Итак, синтез языка, или конструктивный лингвоцентризм, – альтернатива долго господствовавшему анализу языка, или деконструктивному лингвоцентризму. Это направление в философии ставит своей задачей синтез новых терминов, понятий и суждений на основе их языкового анализа. Где есть вычленимые элементы суждения, там возникает возможность иных суждений, иного сочетания элементов, а значит, и область новой мыслимости. Словарь представляет собой опыт гипотетического дискурса, так сказать, рассеивания тех понятий-семян, которые могут дать всходы в новой генерации гуманитарных текстов [17] .
17
Подробнее темы этого Введения развиты в статьях Словаря: Лингвовитализм, Лингводизайн, Логопоэйя, Перформативная лингвистика, Потенциация, Проективная лингвистика, Проективность, Проективный словарь, Протологизм, Семиургия, Синтез языка, Футурологизм.
СЛОВАРЬ
ГУМАНИСТИКА В ЦЕЛОМ
Антропопоэйя
– Водство
Вочеловечение
Всечеловек
Всечеловечество
Гуманетика
Гуманистика
Гуманитарное изобретение
Гуманитарные практики и технологии
Гуманология
Индивиды-универсалии
Микрожанры интеллектуальные
Науководство
Репозитарий гуманитарных идей
Техногуманизм
Техногуманистика
Трансгуманистика, трансформативная гуманистика
Трансдисциплины, трансформативные дисциплины
Чеloveк
Человекомерие
Экогуманистика
АНТРОПОПОЭЙЯ
АНТРОПОПОЭЙЯ (anthropopoeia; от греч. anthropos, человек + poiein, делать, творить, сочинять). Совокупность всех практик, направленных на создание и пересоздание человеческих существ. Начальный акт антропопоэйи, как она описана в Библии, – сотворение человека «по образу и подобию» Бога, что прямо указывает на поэтическую природу человека как метафоры. Человек – это «тварь» или «творение» не в буквальном значении (как растения или животные), а в переносном, поскольку выступает как образ самого Творца, как иконический знак Бога: между ними сложная семиотическая игра уподобления, сравнения, отношения означающего и означаемого. Как метафора Бога человек ему не тождествен, но обладает некоторыми его признаками: способностью мышления, творчества, именования вещей, свободой воли.
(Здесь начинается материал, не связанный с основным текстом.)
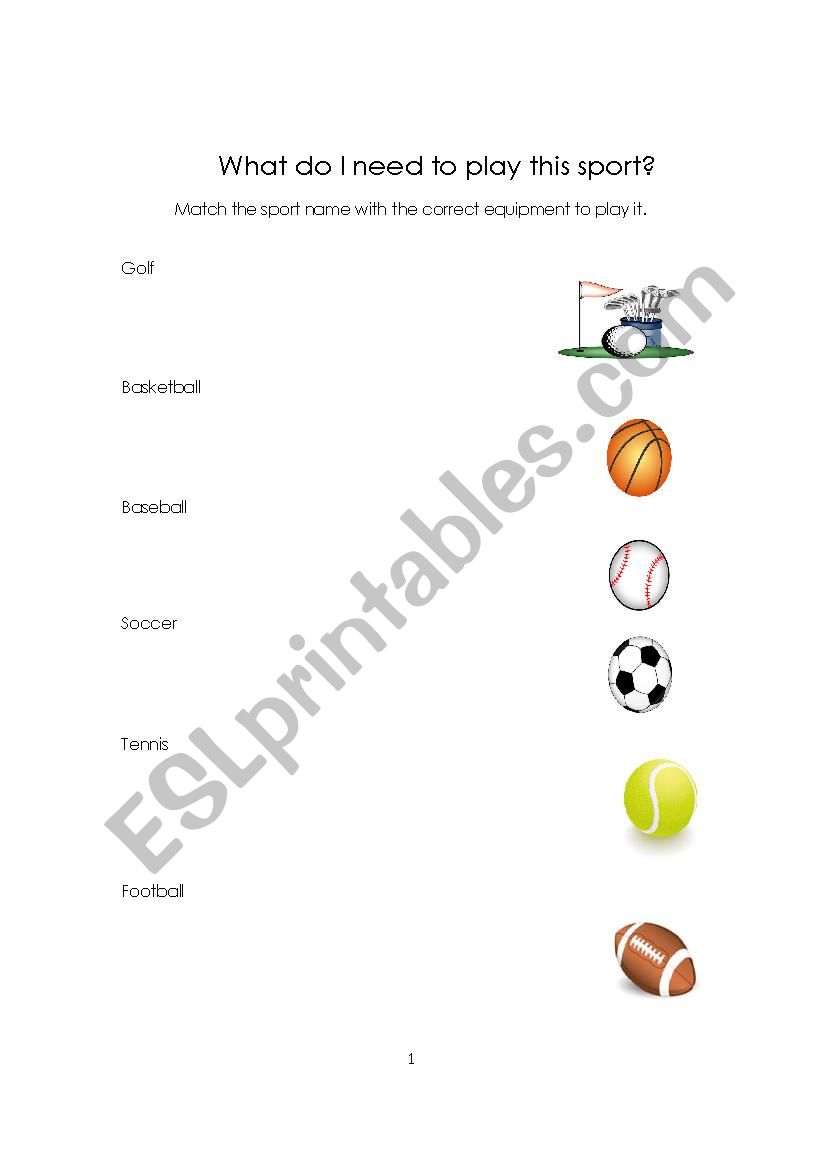 Sports Matching worksheet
Сам термин «антропопоэйя» подразумевает, что к человеку следует относиться как к образу и подобию, то есть воспринимать его именно поэтически, а не логически или эмпирически [18] .
18
Согласно ряду интерпретаций, «образ» – указание на то, каким человек создан изначально (происхождение), а «подобие» – на то, каким он призван стать (целеполагание).
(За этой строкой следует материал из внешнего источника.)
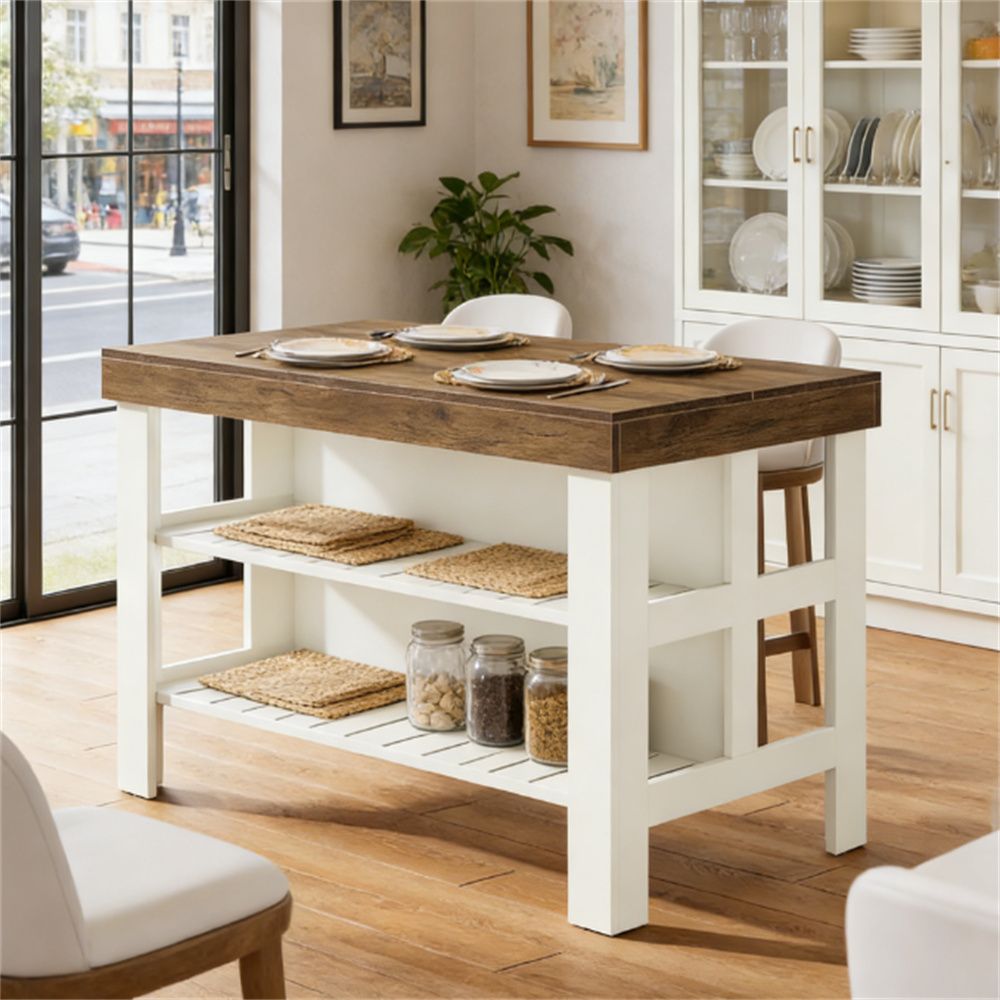 Farmhouse Kitchen Island with Open Shelving and Seating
Созданный как живая метафора своего творца, человек затем по своему образу и подобию пересоздает окружающий мир. Антропопоэйя получает продолжение и развитие в *технопоэйе, *социопоэйе и т. д. Это и есть цивилизация, которая так же метафорична по отношению к человеку, как человек – по отношению к Богу. Орудия труда, технические изобретения, научные открытия, произведения искусства – все это способы творить мир по образу и подобию человека. Поэтому метафора, как перенос значения по сходству, господствует не только в поэзии, но во всей деятельности человека, преобразующей мир. В продуктах цивилизации: в картинах и зданиях, в самолетах и компьютерах – мы обнаруживаем бесконечно множимые образы самого человека, символические проекции его свойств, метафоры его способностей и потребностей.